* RAW DATA *
***

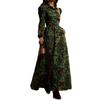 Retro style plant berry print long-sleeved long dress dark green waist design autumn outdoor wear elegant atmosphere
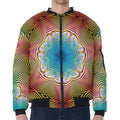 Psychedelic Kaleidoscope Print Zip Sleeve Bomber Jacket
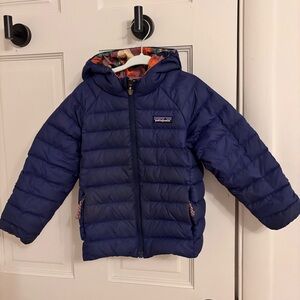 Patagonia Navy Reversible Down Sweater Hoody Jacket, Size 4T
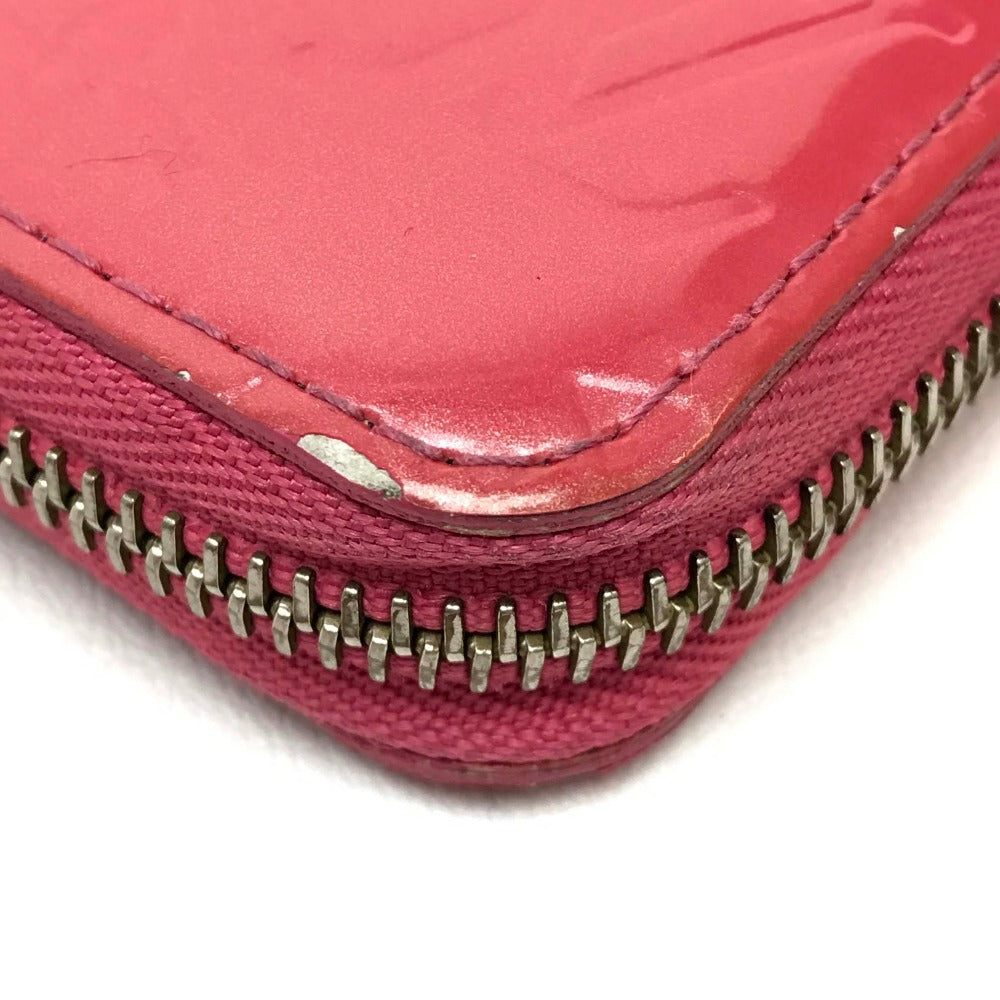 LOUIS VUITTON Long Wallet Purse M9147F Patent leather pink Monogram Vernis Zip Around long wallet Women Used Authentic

***

* TASK OBJECTIVE *
Your copy should hold exactly the lines from the one that contains "Patagonia Navy Reversible" through the final line of the data, both ends included, and no pictures.

* ANSWER AREA *
 Patagonia Navy Reversible Down Sweater Hoody Jacket, Size 4T
 LOUIS VUITTON Long Wallet Purse M9147F Patent leather pink Monogram Vernis Zip Around long wallet Women Used Authentic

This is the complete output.